|
|
|
|
|
by lta
1154 days ago
|
|
A friend of mine has been using this setup for a very long time do be able to write music and work on the same station.
I remember I was amazed at how solid the thing was. Does anyone know if there's a relationship between colinux and how ms eventually ended up implementing wsl ? |
|
I think the name is a bit ironic, since the whole idea is to avoid using any Linux code in Windows, but implementing system calls so that the non-Linux parts of a Linux distribution could pretend Windows was Linux. GNU/Windows-pretending-to-be-Linux, as it were.
WSL2 is virtualization-based, so it could be seen as more comparable to Docker's installation package as seen on non-Linux platforms, or Parallels: a somewhat elaborate attempt to improve the virtualization experience in interoperation with the host, e.g. setting up NAT, network file systems, or installing special drivers.
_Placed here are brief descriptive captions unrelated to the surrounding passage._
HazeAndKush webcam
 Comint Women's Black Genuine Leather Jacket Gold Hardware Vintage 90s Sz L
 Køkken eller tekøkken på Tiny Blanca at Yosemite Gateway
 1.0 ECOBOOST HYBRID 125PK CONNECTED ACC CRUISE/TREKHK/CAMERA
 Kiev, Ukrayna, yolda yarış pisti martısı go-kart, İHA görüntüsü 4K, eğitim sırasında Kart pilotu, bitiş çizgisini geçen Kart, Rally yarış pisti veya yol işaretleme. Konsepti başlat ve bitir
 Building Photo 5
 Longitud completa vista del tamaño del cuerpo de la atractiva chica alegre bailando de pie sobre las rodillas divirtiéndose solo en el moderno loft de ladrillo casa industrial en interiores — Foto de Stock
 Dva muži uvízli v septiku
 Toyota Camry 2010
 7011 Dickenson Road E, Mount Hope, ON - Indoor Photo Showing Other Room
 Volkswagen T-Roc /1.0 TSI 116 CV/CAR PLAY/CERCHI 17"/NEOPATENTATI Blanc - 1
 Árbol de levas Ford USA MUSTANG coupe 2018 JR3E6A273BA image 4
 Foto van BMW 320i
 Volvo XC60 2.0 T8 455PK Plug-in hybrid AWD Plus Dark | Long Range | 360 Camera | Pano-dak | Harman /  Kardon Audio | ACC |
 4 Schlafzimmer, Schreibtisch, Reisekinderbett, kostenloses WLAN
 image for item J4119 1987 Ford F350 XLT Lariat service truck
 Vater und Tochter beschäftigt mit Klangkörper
I don't think coLinux offers as much as it did, now that virtualization micro-architectural features are routinely available. At least one part of coLinux that took up quite a bit of its code was special drivers to interface with the host OS. This code would still be useful and has parallels in current approaches, but the decisive trick of toggling between two kernels running in supervisor mode has less room to be useful.
Also, you could only imagine the difficulty of identifying the origin of bugs in that set-up.